___ Exercise materials

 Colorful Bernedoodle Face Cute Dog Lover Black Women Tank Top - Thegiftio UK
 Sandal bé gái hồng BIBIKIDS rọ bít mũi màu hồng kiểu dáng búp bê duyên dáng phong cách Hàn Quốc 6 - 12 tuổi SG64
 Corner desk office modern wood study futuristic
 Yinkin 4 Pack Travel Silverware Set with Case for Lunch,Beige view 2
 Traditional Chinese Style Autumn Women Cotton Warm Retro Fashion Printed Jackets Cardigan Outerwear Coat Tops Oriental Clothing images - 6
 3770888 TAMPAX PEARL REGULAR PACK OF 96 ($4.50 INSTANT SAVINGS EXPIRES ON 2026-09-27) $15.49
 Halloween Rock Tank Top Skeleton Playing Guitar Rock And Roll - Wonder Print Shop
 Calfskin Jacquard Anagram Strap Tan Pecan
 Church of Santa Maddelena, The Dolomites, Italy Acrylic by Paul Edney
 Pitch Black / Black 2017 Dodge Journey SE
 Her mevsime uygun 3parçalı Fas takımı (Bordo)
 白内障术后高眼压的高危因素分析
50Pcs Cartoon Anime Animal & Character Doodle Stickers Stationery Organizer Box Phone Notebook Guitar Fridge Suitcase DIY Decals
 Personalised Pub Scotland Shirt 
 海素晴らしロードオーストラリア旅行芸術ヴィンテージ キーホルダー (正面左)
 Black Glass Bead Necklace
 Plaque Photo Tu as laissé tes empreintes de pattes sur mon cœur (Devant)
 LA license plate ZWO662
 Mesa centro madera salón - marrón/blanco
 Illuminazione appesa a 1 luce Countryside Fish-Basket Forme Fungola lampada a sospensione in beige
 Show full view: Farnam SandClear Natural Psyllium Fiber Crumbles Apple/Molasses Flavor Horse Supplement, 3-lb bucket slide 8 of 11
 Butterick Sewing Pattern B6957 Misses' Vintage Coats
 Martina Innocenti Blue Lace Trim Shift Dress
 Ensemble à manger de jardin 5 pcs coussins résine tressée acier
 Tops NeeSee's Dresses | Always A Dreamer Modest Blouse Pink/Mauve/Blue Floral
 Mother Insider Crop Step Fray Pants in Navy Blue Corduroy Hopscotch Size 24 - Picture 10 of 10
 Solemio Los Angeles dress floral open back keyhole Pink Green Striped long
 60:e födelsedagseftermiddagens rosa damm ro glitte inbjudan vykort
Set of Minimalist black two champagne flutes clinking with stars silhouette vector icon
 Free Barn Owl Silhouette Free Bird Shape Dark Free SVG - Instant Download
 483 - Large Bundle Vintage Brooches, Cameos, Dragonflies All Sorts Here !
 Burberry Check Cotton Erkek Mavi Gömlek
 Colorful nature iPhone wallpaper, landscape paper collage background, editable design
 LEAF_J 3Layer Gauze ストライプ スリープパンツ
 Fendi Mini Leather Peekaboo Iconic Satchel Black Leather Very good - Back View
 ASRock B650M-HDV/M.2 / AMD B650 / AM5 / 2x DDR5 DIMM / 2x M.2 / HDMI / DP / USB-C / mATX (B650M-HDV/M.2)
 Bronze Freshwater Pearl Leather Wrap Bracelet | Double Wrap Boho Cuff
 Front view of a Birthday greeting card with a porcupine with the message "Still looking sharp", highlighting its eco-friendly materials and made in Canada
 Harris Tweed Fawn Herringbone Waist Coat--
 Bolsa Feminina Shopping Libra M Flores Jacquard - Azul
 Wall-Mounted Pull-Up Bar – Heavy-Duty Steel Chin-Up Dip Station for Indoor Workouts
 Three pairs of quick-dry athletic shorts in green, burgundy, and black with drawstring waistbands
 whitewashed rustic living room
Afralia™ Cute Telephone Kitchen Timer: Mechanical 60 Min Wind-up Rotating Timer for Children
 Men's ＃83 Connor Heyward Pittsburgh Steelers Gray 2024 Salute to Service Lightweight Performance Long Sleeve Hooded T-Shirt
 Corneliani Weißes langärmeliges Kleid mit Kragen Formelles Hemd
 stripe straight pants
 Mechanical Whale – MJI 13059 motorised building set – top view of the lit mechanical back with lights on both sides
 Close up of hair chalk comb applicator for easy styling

______

*What needs to be done*.
Wherever "Guitar" occurs in the entries above, copy the line it sits on.

*Response box*.
 Halloween Rock Tank Top Skeleton Playing Guitar Rock And Roll - Wonder Print Shop
50Pcs Cartoon Anime Animal & Character Doodle Stickers Stationery Organizer Box Phone Notebook Guitar Fridge Suitcase DIY Decals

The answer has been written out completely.